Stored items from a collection
-----
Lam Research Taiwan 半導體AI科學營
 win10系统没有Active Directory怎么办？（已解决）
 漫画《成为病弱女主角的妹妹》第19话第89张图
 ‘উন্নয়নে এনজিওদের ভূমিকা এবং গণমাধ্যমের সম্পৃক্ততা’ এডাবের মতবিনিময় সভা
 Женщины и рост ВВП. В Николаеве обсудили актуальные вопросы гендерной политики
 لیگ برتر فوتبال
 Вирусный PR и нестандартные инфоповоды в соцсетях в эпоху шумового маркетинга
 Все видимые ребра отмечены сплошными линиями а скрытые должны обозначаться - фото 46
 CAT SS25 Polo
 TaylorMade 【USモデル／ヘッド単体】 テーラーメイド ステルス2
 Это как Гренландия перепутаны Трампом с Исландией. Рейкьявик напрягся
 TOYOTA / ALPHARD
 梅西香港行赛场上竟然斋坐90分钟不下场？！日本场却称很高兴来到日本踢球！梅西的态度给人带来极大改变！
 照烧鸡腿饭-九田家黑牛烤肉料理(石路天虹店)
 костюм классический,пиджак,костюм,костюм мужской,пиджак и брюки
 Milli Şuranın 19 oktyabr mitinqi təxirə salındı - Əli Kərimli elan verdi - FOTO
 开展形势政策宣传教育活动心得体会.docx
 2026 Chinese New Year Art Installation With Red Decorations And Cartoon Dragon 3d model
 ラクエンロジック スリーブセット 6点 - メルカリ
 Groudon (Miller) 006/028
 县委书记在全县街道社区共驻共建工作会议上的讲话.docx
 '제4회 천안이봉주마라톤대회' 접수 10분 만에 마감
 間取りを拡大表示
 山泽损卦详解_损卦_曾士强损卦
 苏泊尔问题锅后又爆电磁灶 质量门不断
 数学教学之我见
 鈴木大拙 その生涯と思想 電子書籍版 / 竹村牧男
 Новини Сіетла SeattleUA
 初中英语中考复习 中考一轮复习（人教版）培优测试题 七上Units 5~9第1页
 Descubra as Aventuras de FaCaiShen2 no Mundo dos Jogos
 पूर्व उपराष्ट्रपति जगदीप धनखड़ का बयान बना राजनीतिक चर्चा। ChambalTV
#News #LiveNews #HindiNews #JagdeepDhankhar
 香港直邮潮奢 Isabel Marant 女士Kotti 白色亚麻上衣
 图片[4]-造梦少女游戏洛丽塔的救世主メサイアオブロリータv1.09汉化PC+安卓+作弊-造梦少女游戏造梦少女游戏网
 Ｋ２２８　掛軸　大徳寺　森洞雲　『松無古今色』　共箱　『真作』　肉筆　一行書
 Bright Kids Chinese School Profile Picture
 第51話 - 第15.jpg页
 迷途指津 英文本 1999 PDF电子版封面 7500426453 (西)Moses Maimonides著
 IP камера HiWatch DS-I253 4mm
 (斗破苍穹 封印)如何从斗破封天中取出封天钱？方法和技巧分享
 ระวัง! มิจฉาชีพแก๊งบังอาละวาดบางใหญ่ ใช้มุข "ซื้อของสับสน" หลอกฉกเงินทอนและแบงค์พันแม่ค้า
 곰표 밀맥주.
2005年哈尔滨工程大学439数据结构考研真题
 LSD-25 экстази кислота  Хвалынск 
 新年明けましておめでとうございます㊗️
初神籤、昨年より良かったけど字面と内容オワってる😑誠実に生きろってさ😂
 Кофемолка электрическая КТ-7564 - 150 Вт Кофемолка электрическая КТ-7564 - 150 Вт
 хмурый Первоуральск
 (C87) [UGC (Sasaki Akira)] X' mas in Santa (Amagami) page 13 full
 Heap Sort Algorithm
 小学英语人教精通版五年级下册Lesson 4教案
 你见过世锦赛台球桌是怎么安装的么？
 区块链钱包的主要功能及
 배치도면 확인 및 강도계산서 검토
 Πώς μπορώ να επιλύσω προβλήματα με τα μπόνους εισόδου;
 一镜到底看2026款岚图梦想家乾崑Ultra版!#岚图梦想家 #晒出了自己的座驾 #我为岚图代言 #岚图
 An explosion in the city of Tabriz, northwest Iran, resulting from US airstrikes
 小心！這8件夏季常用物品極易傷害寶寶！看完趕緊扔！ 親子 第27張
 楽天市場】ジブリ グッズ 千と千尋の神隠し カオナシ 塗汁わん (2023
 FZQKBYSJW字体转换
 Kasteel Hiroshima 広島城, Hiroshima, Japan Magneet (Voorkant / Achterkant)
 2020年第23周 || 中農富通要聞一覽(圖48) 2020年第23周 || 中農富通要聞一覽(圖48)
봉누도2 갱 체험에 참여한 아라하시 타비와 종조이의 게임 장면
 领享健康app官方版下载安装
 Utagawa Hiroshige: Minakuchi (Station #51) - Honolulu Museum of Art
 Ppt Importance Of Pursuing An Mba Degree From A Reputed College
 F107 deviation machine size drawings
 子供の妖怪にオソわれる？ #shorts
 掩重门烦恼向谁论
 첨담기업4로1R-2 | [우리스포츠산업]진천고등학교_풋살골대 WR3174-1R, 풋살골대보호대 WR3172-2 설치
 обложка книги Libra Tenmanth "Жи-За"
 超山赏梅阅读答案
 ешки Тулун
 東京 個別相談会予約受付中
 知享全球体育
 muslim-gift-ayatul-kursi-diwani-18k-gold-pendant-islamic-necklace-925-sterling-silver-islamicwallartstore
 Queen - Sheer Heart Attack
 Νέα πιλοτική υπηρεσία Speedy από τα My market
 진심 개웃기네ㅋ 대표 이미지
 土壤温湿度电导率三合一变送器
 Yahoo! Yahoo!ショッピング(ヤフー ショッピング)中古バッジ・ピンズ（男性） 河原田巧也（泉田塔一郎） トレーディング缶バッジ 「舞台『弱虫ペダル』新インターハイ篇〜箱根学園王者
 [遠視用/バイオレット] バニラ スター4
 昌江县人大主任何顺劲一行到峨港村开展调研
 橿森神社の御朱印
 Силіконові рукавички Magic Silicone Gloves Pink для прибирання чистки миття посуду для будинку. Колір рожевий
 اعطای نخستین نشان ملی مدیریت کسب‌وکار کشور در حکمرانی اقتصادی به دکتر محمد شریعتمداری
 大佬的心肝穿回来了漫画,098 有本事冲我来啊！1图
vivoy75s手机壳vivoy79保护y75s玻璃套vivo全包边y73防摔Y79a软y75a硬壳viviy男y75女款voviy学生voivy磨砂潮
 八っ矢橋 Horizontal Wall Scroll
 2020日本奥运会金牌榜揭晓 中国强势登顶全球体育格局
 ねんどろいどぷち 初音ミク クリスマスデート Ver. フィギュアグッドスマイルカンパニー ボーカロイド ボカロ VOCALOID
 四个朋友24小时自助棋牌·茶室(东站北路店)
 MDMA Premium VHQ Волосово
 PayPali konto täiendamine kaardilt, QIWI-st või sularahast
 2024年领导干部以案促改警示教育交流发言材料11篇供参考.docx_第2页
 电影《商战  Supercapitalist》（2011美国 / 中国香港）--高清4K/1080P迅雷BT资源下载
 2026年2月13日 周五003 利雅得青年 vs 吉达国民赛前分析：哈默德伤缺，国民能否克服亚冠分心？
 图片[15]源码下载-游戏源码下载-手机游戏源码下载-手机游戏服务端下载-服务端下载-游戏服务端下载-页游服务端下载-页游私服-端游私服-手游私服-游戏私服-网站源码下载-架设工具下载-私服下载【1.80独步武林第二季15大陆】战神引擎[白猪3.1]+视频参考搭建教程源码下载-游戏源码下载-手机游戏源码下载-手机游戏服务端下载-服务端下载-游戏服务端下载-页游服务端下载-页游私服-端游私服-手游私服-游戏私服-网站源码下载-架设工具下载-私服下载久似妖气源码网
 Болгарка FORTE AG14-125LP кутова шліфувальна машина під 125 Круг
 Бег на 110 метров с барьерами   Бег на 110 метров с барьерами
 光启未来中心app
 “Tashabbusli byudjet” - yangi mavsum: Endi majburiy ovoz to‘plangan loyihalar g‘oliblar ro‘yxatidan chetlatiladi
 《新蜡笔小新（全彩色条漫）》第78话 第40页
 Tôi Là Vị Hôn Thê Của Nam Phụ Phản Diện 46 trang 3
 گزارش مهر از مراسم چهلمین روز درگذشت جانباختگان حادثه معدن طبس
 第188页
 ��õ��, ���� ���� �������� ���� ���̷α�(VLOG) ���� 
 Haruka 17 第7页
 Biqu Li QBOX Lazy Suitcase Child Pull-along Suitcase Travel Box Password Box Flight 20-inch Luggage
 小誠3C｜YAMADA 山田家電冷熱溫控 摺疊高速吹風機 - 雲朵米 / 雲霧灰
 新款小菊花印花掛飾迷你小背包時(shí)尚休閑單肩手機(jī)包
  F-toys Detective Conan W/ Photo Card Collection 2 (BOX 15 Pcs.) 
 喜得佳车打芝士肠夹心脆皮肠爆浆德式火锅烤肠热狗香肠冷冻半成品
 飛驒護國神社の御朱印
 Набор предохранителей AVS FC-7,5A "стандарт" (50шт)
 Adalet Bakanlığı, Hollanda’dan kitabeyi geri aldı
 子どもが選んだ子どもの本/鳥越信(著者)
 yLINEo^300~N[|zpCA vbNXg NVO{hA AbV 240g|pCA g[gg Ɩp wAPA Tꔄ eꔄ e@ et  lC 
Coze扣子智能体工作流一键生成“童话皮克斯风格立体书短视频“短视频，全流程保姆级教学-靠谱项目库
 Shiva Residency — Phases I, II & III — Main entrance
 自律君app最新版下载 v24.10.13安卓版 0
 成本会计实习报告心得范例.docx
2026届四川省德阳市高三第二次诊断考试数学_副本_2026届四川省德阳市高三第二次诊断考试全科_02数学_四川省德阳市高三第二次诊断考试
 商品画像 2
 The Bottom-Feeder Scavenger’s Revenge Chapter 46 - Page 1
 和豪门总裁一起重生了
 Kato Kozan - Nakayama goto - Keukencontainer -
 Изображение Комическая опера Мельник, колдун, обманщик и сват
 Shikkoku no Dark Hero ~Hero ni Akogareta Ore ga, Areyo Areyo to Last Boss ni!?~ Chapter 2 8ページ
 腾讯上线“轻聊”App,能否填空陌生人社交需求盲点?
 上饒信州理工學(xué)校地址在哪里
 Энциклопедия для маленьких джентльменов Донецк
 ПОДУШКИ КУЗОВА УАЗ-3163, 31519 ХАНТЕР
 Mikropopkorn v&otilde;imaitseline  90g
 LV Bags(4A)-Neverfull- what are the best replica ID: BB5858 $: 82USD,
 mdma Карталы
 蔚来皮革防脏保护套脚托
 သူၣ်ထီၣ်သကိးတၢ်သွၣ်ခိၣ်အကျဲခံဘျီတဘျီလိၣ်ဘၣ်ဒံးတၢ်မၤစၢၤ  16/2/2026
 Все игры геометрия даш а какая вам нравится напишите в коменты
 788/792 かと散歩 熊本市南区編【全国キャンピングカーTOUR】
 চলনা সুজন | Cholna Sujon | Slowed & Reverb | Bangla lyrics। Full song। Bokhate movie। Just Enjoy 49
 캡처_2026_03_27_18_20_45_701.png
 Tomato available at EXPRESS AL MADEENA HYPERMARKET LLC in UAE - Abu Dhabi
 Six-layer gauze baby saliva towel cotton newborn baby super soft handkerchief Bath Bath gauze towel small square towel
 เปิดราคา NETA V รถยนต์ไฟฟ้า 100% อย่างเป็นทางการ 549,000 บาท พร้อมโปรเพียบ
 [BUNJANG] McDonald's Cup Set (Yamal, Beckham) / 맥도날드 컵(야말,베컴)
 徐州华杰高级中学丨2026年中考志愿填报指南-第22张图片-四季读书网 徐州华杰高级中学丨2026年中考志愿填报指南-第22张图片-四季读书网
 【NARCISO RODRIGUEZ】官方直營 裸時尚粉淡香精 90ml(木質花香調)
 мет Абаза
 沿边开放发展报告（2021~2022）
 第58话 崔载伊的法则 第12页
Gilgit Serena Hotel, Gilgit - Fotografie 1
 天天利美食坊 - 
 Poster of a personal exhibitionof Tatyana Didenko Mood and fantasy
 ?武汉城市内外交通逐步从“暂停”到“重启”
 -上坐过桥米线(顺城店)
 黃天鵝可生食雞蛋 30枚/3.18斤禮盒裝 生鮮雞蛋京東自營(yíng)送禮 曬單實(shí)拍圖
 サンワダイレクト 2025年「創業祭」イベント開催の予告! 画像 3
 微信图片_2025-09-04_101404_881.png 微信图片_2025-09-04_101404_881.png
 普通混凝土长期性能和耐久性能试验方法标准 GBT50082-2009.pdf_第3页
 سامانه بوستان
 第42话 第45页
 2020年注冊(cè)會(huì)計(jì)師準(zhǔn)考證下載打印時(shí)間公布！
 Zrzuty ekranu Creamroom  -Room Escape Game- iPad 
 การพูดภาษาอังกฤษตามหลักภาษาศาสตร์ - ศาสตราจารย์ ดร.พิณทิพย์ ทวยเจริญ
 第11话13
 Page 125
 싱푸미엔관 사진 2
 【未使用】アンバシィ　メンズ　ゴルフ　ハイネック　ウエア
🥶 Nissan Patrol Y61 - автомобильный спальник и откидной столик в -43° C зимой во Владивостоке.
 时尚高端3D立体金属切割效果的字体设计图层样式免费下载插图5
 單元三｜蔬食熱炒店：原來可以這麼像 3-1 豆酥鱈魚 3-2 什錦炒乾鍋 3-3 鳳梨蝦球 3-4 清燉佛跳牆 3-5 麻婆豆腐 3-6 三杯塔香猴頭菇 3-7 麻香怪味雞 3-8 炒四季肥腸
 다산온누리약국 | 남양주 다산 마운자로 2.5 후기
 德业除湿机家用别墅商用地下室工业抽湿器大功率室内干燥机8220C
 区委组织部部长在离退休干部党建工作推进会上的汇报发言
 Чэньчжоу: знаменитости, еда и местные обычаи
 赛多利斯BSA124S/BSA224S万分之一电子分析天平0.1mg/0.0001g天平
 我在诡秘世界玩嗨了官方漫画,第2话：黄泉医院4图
-----
**What you should do**
There is a run of lines above from the one with "香港直邮潮奢 Isabel Marant 女士Kotti 白色亚麻上衣" to the one with "2005年哈尔滨工程大学439数据结构考研真题"; print exactly that run, both ends included, and nothing else.

**Problem solution**
 香港直邮潮奢 Isabel Marant 女士Kotti 白色亚麻上衣
 图片[4]-造梦少女游戏洛丽塔的救世主メサイアオブロリータv1.09汉化PC+安卓+作弊-造梦少女游戏造梦少女游戏网
 Ｋ２２８　掛軸　大徳寺　森洞雲　『松無古今色』　共箱　『真作』　肉筆　一行書
 Bright Kids Chinese School Profile Picture
 第51話 - 第15.jpg页
 迷途指津 英文本 1999 PDF电子版封面 7500426453 (西)Moses Maimonides著
 IP камера HiWatch DS-I253 4mm
 (斗破苍穹 封印)如何从斗破封天中取出封天钱？方法和技巧分享
 ระวัง! มิจฉาชีพแก๊งบังอาละวาดบางใหญ่ ใช้มุข "ซื้อของสับสน" หลอกฉกเงินทอนและแบงค์พันแม่ค้า
 곰표 밀맥주.
2005年哈尔滨工程大学439数据结构考研真题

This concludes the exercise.